* To do *
If a line in the entries below contains "Palm", copy it.

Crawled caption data
◇ ◇ ◇ ◇ ◇ ◇ ◇

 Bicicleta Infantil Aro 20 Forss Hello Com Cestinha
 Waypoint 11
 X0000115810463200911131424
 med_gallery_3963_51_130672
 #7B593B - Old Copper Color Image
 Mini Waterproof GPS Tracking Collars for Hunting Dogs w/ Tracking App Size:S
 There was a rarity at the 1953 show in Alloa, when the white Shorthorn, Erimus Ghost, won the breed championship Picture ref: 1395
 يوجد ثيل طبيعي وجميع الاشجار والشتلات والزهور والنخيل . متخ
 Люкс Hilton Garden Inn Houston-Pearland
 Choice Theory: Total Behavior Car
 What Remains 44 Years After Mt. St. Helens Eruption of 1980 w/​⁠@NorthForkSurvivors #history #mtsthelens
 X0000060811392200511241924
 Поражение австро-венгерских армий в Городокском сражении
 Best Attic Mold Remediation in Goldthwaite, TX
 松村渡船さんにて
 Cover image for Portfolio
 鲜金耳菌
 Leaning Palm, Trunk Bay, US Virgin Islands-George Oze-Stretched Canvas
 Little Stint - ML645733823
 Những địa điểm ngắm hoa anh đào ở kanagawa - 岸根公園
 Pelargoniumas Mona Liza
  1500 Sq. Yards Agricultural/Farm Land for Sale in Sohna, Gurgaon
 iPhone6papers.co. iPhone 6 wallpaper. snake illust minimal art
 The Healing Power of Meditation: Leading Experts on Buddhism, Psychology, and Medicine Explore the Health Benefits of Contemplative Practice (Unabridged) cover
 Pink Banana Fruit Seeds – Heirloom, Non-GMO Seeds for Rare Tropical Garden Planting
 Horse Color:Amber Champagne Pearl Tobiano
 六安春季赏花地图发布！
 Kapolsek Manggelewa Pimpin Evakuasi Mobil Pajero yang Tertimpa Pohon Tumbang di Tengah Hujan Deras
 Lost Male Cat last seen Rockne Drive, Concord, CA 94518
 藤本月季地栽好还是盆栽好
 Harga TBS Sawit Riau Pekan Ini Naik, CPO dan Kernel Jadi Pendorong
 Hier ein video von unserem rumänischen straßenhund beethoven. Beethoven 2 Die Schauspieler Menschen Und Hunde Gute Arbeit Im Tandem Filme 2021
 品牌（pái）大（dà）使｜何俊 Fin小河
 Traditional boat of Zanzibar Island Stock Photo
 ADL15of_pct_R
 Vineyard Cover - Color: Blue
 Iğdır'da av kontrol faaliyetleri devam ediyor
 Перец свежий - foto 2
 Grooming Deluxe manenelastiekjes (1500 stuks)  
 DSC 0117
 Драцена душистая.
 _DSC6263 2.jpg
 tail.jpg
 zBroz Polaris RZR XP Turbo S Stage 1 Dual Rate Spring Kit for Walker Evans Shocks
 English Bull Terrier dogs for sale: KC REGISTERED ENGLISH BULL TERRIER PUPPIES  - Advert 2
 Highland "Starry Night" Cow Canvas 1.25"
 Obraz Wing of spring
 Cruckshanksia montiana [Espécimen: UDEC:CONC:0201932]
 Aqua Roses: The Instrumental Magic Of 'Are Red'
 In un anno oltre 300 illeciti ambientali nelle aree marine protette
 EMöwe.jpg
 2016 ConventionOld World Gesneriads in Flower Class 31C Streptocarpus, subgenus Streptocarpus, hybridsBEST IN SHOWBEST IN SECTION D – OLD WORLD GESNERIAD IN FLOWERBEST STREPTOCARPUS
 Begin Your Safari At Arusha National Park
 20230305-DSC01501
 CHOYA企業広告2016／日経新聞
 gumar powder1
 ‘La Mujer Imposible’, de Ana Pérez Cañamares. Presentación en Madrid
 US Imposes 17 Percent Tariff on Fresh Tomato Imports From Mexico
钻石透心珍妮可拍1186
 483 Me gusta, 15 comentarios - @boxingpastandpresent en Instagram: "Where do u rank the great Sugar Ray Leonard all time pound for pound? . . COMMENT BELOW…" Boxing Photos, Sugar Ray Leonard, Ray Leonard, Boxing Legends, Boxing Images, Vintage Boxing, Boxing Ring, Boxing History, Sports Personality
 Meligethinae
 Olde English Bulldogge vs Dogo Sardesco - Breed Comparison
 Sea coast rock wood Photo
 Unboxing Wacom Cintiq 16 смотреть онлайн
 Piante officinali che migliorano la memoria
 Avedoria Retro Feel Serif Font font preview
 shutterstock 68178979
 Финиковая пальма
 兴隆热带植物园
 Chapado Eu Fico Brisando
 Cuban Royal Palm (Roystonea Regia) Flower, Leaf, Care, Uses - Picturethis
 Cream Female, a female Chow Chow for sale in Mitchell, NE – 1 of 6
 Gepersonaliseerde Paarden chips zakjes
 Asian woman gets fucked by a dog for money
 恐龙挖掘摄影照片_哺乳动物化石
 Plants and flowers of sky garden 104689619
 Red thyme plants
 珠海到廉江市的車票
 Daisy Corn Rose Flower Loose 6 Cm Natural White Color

◇ ◇ ◇ ◇ ◇ ◇ ◇

* Answer to this exercise *
 Leaning Palm, Trunk Bay, US Virgin Islands-George Oze-Stretched Canvas
 Cuban Royal Palm (Roystonea Regia) Flower, Leaf, Care, Uses - Picturethis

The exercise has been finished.